When a subscription model doesn't fit…

When a subscription model doesn't fit…

London 2017-05-23

The ability to accept online payments has been transformed in recent years. Payment providers such as PayPal, Stripe, Zuora have made it relatively simple to accept online payments for one-off items or re-occurring services. The license model applied to a re-occurring service is, of course, a subscription. Whether it's a monthly subscription to a music streaming service like Spotify, or a monthly subscription to digital news content provided by a company like the Economist, the subscription model can work well. Among content providers, it is popular because it is simple to understand for the end customer, relatively simple to price and, if priced correctly, can also be lucrative for the content provider (Note that here I am using 'content provider' to be any provider of digital content from applications to video, to music to text, etc.). The subscription model is also popular because it is the main license model supported by payment providers such as Stripe and Zuora. They make it easy for content providers to deploy the model, offer discounts, track usage, process payments on a global basis, reconcile local taxes (in some cases) and easily integrate the payment engine into their own websites.

But not all types of content products are suitable for being shoehorned into a subscription model. This is particularly the case in B2B models. Take a simulation application for example. It doesn't really matter what is being simulated, but such an application is likely to be relatively sophisticated in composition, requires a decent amount of processing power to run and is likely to be more, rather than less expensive to purchase. It may also not be used that frequently. In this case, a subscription model is not suitable because the end customer will be paying for something they are not actually using on a regular basis. In contrast, an 'aggregate use time' license model may be more appropriate as it would charge the customer based on a pre-booked amount of usage. Similarly, a 'consumption time' model may be appropriate if the end customer would prefer to pay on an ad hoc basis.

Customers want and expect flexibility in paying for online services, particularly in B2B cases.

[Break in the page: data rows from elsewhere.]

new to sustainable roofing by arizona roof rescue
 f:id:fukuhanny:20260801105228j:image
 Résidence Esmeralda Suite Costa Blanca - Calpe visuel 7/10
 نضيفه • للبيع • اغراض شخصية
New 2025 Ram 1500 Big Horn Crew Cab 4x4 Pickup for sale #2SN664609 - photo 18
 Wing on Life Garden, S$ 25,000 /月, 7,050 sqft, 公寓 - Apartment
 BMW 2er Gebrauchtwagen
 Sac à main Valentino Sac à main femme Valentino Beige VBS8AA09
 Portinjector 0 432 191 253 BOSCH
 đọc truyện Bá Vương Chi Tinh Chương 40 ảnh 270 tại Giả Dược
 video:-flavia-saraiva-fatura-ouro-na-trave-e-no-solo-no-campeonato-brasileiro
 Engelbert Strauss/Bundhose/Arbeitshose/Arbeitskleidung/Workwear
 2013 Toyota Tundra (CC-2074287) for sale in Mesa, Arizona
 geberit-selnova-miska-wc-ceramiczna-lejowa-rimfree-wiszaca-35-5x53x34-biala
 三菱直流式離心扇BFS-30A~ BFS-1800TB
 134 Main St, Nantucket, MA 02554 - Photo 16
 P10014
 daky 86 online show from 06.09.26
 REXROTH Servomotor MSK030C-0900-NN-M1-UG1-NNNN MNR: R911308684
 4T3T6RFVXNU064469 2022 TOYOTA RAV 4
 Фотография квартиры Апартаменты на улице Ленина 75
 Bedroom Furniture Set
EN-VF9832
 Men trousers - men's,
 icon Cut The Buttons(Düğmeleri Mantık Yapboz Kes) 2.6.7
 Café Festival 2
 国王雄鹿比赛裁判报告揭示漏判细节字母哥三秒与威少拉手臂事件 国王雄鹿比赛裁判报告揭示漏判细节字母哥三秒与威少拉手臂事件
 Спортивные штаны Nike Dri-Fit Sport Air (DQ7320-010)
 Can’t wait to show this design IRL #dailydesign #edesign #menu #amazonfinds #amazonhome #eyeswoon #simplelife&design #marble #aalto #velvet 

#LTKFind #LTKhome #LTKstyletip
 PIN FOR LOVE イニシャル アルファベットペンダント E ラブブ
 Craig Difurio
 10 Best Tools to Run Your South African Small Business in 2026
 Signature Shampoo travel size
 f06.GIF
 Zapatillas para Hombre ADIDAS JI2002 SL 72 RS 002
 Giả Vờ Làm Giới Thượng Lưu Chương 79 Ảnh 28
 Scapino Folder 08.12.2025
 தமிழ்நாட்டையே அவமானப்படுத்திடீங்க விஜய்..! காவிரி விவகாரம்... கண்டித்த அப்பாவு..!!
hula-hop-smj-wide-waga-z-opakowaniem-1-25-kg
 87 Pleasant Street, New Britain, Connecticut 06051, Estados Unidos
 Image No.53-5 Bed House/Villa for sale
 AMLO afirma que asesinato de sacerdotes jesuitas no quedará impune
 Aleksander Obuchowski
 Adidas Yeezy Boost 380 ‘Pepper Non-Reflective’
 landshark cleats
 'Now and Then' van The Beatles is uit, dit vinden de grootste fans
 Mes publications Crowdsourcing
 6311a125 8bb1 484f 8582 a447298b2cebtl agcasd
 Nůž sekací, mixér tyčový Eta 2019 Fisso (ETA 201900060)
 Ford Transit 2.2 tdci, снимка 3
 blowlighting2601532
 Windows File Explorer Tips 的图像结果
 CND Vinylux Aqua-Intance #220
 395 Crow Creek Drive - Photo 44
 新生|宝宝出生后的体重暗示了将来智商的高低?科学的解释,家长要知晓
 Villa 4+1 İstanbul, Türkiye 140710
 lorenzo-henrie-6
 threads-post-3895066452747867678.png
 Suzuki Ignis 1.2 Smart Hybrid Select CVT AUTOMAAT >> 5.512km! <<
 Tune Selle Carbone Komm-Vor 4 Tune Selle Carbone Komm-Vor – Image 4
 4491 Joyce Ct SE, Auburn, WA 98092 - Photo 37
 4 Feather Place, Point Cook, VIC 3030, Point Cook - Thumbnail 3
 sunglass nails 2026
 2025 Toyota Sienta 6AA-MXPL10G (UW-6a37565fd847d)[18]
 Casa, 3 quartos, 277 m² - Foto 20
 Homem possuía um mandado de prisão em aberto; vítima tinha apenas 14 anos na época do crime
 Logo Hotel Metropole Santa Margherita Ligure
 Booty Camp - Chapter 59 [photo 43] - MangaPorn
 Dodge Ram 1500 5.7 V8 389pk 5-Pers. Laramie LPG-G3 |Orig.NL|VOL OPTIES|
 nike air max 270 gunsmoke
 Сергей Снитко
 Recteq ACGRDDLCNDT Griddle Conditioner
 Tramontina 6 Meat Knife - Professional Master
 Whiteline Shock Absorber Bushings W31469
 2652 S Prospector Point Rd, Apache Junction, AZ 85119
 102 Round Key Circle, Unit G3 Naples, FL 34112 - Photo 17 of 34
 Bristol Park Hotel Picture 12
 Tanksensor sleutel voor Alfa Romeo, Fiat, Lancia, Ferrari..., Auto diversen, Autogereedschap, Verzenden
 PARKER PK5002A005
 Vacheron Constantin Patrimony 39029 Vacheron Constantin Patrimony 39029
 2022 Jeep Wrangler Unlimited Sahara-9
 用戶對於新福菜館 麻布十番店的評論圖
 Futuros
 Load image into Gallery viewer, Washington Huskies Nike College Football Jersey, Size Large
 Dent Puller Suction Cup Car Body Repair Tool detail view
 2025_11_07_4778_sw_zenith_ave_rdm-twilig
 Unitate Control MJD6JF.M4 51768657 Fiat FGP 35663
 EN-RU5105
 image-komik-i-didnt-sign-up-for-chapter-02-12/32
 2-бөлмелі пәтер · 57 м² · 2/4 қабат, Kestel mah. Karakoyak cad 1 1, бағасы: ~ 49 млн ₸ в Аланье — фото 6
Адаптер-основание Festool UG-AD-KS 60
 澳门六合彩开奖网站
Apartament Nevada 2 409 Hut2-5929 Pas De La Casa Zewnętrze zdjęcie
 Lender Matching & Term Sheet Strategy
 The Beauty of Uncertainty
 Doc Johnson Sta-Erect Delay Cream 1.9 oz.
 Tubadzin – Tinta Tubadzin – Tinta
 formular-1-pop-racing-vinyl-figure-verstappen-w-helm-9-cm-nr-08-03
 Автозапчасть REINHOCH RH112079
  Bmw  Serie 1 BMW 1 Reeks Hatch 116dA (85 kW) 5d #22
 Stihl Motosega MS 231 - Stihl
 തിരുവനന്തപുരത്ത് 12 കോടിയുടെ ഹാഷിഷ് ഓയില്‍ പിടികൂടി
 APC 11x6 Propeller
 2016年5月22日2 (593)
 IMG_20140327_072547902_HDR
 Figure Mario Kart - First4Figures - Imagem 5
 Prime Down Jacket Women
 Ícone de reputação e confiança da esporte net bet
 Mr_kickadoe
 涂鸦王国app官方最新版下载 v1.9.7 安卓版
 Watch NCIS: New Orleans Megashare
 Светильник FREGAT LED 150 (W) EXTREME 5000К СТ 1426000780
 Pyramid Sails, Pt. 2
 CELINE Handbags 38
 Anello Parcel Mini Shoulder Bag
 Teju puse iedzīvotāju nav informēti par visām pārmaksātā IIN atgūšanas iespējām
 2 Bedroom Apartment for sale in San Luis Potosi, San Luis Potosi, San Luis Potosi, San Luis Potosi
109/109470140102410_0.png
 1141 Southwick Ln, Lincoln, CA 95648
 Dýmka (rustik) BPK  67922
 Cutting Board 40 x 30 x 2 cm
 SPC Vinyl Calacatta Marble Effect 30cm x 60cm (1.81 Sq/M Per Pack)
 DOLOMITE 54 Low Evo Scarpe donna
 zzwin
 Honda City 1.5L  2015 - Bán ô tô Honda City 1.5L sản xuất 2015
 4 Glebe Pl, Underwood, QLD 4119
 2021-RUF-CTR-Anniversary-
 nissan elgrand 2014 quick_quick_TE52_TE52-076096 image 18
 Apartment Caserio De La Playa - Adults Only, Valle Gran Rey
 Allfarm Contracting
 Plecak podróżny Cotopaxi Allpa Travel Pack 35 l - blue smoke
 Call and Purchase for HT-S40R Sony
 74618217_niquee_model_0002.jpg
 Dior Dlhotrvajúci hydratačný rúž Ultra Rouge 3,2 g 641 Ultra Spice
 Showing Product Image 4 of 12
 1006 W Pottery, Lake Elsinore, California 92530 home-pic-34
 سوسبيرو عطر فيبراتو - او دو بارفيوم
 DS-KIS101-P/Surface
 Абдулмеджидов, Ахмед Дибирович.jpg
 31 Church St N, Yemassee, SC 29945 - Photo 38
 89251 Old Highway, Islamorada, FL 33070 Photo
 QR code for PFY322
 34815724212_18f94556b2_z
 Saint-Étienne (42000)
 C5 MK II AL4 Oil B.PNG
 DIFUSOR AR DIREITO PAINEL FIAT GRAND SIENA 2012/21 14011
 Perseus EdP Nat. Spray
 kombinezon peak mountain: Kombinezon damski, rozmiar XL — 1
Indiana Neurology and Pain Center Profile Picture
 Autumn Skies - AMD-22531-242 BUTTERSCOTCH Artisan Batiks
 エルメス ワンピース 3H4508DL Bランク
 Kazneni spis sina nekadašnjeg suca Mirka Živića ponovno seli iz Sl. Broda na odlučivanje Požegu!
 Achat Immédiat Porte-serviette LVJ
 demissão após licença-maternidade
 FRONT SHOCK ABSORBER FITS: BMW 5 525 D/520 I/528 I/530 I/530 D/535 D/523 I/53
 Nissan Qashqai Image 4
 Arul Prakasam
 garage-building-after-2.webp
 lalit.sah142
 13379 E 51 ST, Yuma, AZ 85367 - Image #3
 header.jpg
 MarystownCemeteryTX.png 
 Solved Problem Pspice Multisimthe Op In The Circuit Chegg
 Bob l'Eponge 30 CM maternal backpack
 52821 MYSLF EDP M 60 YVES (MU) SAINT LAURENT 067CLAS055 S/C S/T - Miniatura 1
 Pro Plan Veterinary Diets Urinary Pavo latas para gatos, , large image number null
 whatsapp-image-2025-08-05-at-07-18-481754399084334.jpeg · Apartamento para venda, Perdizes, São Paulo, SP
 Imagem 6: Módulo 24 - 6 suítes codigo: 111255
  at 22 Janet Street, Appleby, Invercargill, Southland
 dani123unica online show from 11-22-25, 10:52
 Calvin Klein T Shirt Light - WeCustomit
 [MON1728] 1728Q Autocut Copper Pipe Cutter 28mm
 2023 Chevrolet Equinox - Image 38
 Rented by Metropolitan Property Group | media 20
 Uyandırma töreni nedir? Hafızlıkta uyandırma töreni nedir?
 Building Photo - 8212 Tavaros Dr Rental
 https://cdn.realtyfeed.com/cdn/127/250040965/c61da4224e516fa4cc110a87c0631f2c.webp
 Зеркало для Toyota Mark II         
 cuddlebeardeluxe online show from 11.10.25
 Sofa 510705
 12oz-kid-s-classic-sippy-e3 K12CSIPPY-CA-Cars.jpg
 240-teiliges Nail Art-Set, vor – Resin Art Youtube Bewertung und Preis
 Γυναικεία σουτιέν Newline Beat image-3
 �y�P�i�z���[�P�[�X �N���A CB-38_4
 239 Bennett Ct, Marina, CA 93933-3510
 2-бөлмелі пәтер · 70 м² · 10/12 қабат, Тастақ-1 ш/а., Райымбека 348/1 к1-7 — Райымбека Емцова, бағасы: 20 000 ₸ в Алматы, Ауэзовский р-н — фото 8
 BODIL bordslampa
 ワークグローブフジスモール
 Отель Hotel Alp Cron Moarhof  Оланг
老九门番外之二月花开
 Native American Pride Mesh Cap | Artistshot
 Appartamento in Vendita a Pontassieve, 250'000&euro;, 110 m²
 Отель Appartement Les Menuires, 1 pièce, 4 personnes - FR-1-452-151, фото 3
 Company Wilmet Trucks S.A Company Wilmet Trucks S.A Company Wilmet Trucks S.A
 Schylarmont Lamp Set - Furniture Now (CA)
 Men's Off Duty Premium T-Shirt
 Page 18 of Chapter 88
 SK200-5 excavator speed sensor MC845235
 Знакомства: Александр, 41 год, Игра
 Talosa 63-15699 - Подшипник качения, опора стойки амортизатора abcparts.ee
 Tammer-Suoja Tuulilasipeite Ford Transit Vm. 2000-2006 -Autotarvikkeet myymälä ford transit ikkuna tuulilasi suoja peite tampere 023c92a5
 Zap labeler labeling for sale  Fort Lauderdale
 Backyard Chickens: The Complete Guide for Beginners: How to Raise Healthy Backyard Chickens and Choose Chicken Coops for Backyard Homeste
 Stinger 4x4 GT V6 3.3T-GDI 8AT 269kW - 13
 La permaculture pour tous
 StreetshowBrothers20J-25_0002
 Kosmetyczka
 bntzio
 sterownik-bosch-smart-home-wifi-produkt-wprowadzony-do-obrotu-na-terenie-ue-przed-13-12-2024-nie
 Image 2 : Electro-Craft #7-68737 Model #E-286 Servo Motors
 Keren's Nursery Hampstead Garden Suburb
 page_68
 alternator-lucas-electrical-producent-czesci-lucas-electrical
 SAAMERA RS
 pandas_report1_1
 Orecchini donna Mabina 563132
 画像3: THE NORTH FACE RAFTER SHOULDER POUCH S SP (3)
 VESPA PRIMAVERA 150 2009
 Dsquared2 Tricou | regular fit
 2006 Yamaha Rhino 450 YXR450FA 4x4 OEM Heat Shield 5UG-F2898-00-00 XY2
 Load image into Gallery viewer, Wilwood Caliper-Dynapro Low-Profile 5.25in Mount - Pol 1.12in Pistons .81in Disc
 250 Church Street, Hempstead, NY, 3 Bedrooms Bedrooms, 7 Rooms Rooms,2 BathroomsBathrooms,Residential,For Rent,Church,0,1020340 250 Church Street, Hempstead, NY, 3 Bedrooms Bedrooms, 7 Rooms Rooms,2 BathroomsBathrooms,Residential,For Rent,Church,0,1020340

Another example of where a subscription model is not suitable is where an online application/service is accessed by multiple people but each requires it on an infrequent basis. One subscription per person would likely cost the end customer more than they would likely be happy to pay, so being able to offer them a floating pool of licenses, which can be drawn down by different people on an 'as needed' basis would offer much greater flexibility than a simple subscription. A floating model, tied to an aggregate use time model, could offer the best of both worlds, by offering multiple employees access to the online service but at the same time also 'capping' the total amount of time the application can be used for, thereby limiting the cost.

It is worth keeping in mind that customers want and expect flexibility in paying for online services, particularly in B2B cases. The success of services such as Amazon's AWS for example, has fundamentally shifted the B2B buyer's expectation to one where he or she will likely prefer to pay only for what is used - whether measured by time, storage, CPU cycles, feature set or similar.

The license models listed above need not be difficult to deploy. The 10Duke Entitlements engine offers simple web-based configuration to these and many more licensing models, suitable for both B2C and B2B businesses. Rather than trying to shoehorn your online service into a subscription model, you can still leverage the processing capabilities of online payment providers such as PayPal, Stripe, Recurly, Zuroa, Braintree, FastSpring, and Ayden but apply a license model or models to your products which is tailored to them specifically and more appropriately suits the nature of the underlying application or service you are offering.